» **What this task involves**
Reproduce the records below exactly, but leave their pictures out of the copy.
□ □ □ □
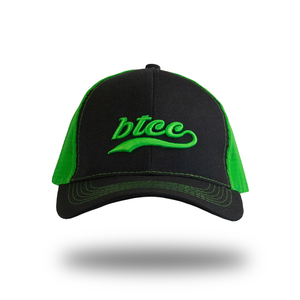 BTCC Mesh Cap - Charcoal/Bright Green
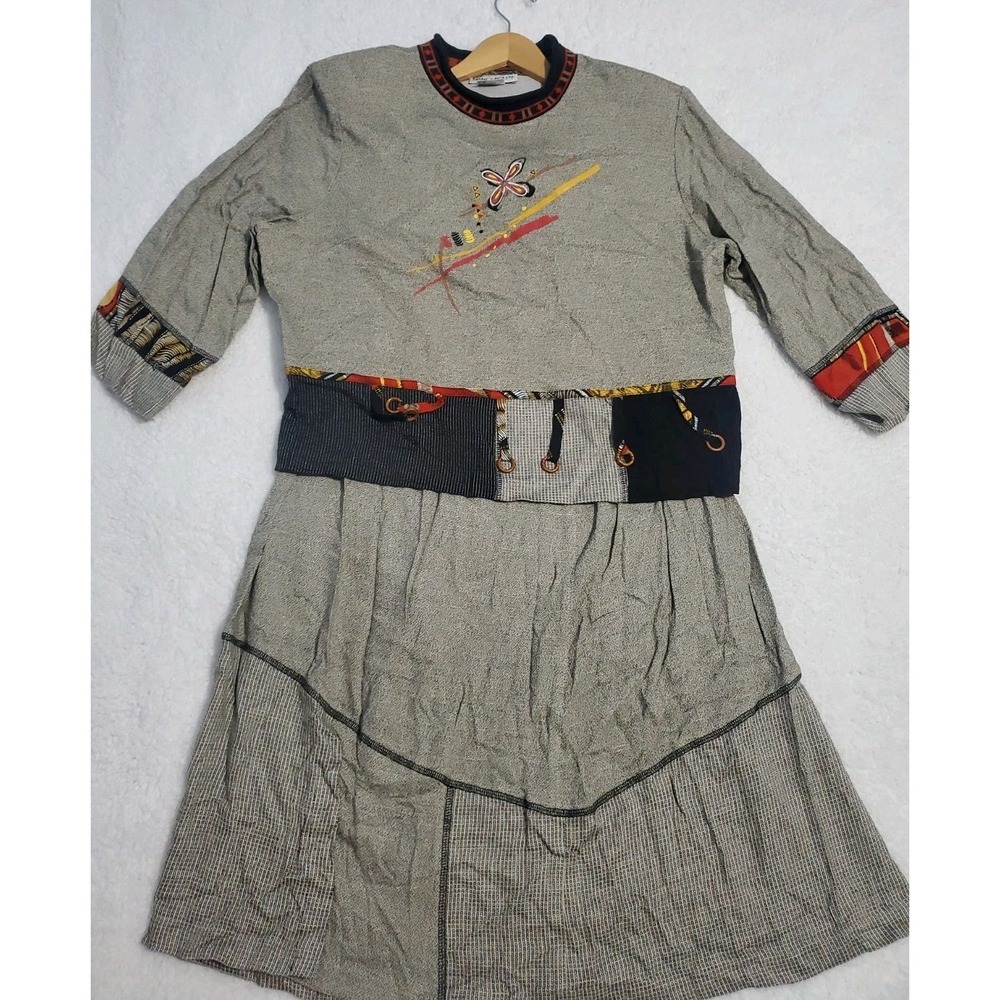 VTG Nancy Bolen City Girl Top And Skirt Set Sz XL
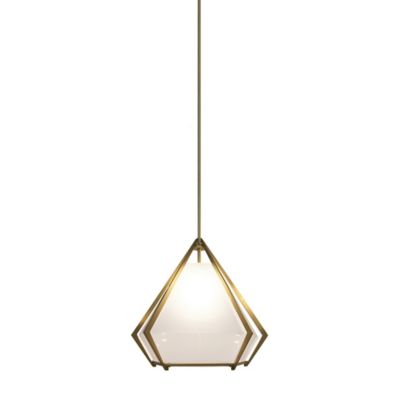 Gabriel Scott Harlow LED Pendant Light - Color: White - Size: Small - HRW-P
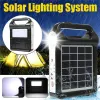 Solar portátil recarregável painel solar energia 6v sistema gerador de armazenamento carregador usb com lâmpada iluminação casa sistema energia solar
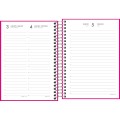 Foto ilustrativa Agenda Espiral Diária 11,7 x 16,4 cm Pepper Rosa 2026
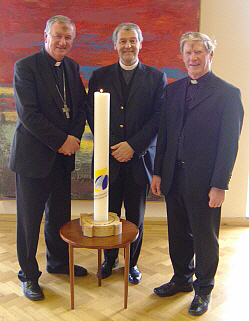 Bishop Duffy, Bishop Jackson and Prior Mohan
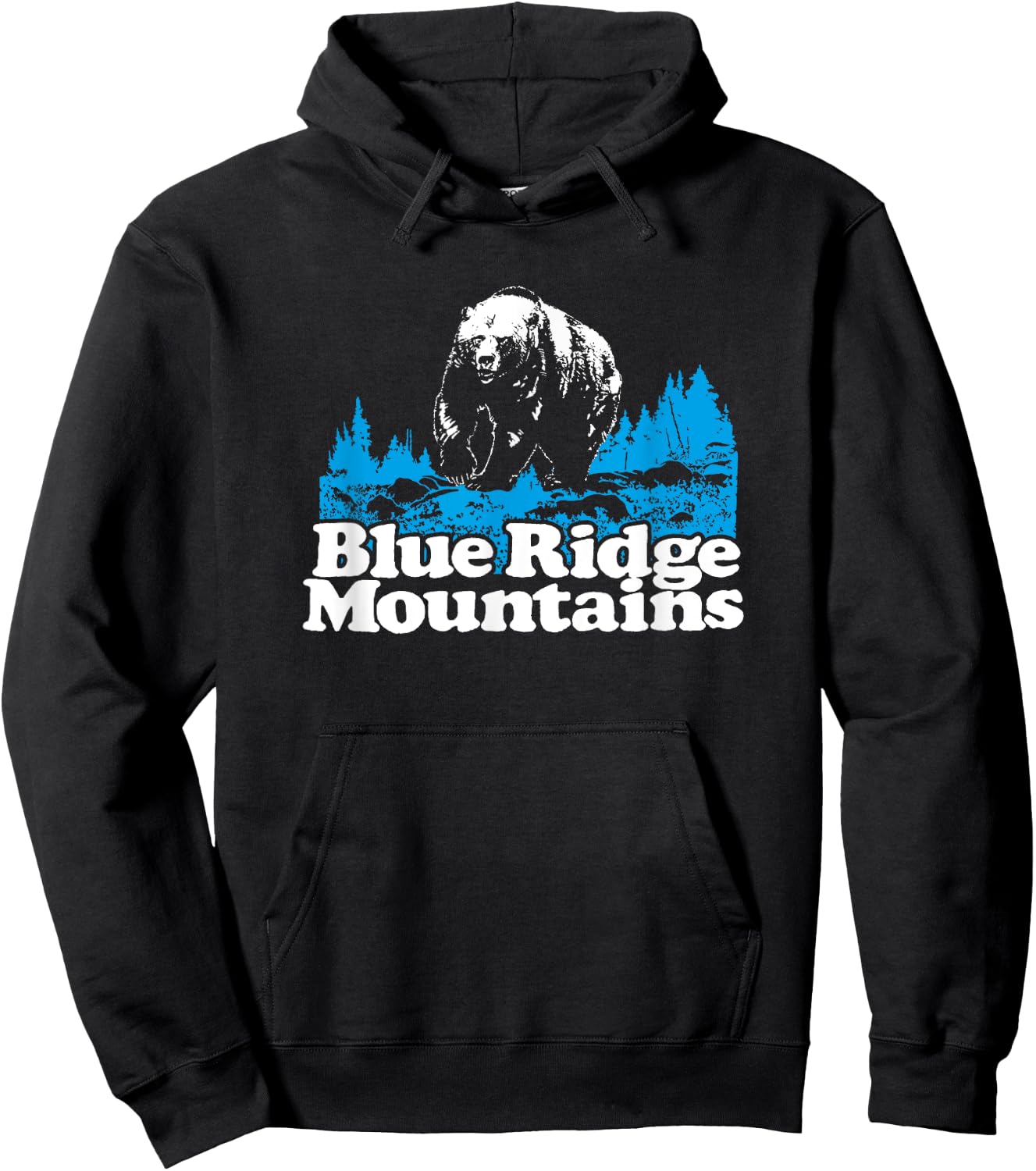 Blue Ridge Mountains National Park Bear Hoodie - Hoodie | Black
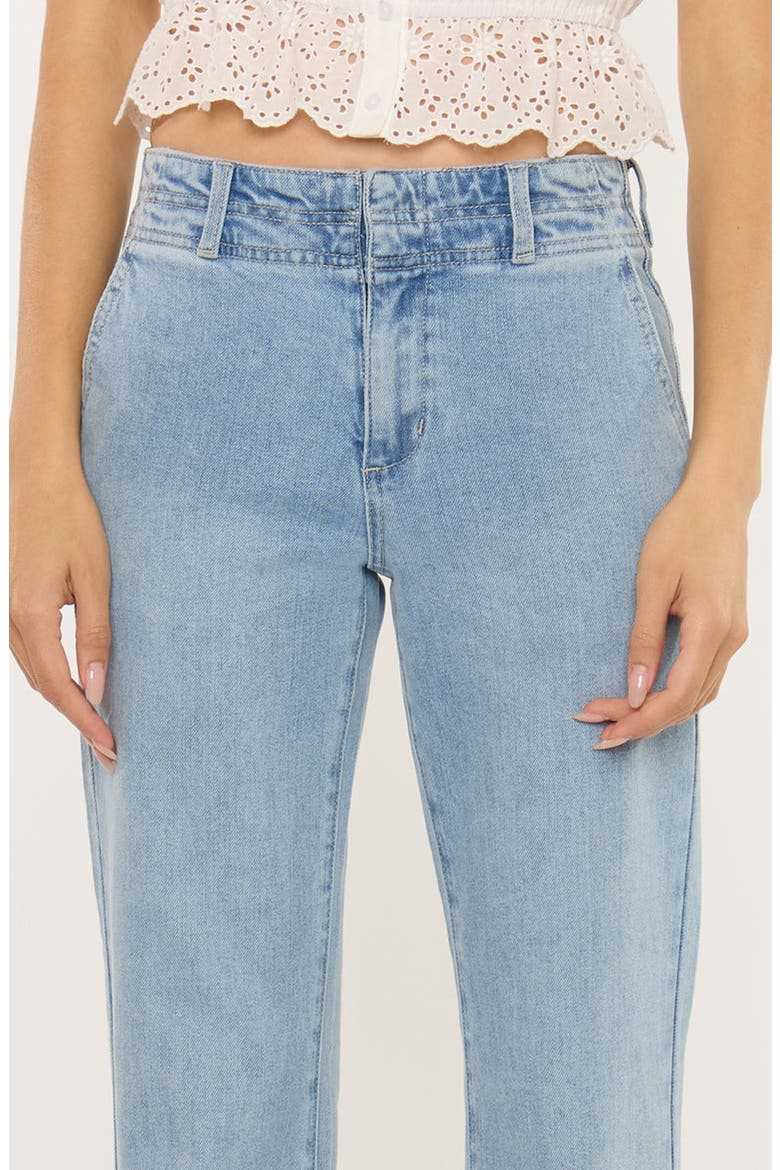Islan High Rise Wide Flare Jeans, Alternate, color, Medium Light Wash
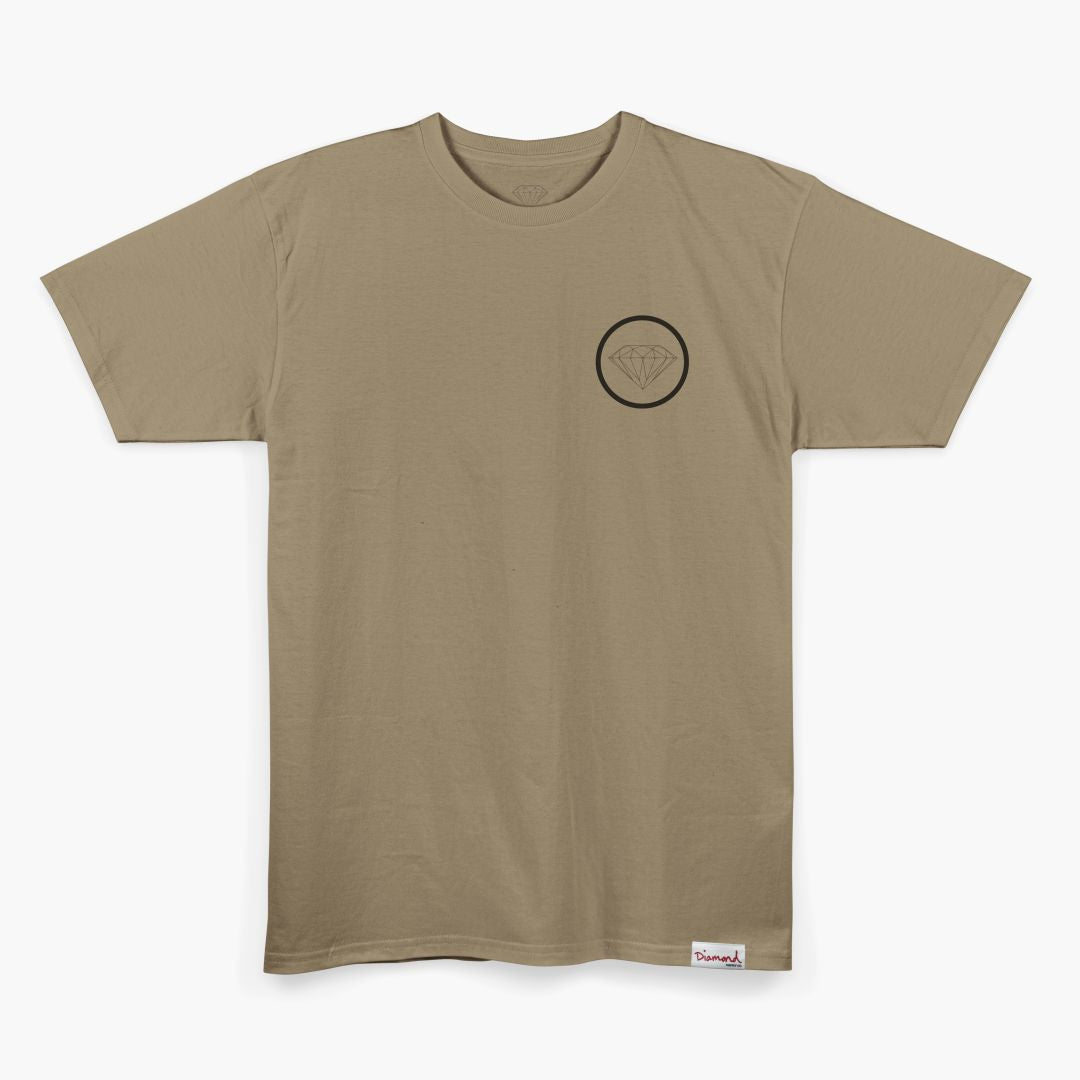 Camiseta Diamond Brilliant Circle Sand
□ □ □ □
» **Response to the exercise**
 BTCC Mesh Cap - Charcoal/Bright Green
 VTG Nancy Bolen City Girl Top And Skirt Set Sz XL
 Gabriel Scott Harlow LED Pendant Light - Color: White - Size: Small - HRW-P
 Solar portátil recarregável painel solar energia 6v sistema gerador de armazenamento carregador usb com lâmpada iluminação casa sistema energia solar
 Foto ilustrativa Agenda Espiral Diária 11,7 x 16,4 cm Pepper Rosa 2026
 Bishop Duffy, Bishop Jackson and Prior Mohan
 Blue Ridge Mountains National Park Bear Hoodie - Hoodie | Black
Islan High Rise Wide Flare Jeans, Alternate, color, Medium Light Wash
 Camiseta Diamond Brilliant Circle Sand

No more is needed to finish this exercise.